In 2004, Harvard University biologists determined how the lizards manage to scamper on the water's surface on their two hind legs, their front arms outstretched, at speeds faster than 1.5 mpsec (about 65 mph). They found that the lizard first slaps the water with its weblike foot, strokes downward with an elliptical motion to create an air pocket, and then pulls its foot out of the water while curling its toes inward.
By repeating this slapping and stroking sequence up to 10 times a second, the lizard generates enough forward thrust and lift to run on water without tipping over or sinking.

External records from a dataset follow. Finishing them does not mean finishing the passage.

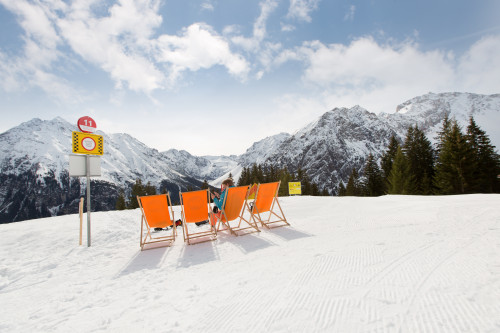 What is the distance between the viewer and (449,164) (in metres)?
25.0

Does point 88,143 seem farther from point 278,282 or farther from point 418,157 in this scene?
point 418,157

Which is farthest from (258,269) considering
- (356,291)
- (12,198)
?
(12,198)

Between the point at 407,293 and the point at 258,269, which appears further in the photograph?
the point at 258,269

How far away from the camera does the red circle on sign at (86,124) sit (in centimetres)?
607

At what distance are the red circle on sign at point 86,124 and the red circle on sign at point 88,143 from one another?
0.74 feet

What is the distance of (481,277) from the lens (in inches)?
102

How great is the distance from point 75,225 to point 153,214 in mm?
3538

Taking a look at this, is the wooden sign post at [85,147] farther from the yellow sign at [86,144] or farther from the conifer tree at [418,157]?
the conifer tree at [418,157]

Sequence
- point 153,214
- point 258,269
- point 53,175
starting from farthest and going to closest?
1. point 53,175
2. point 153,214
3. point 258,269

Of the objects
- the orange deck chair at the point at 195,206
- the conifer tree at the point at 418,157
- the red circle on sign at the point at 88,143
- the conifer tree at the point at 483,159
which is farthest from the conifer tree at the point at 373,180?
the red circle on sign at the point at 88,143

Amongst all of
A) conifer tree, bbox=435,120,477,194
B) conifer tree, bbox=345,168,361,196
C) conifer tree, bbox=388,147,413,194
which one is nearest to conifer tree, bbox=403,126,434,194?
conifer tree, bbox=388,147,413,194

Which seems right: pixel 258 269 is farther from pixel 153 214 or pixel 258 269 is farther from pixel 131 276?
pixel 153 214

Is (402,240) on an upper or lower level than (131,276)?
upper

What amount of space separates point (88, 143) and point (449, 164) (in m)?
31.8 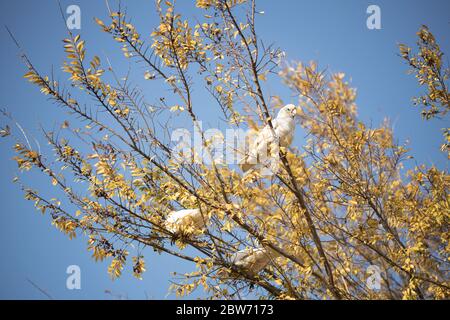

With the help of first-year doctoral student Steven Floyd and senior Terence Keegan, Sitti designed a robot with a foot-long, boxy body made from carbon fibers and four plastic legs driven by a lightweight, high-power motor. The legs give the robot the extra lift needed to stay afloat. This stripped-down version of the Water Runner splashes in quick circles around a plastic swimming pool, the first step toward a truly amphibious robot.
"This is proof of concept," says Sitti, who is working with his students to reduce the weight of the robot without hindering its performance.
Once the robot can run smoothly on water, making the transition to land propulsion will be simple, he says. The current generation of Water Runner is tethered to a power supply, but eventually it will be battery-operated and steered by remote control.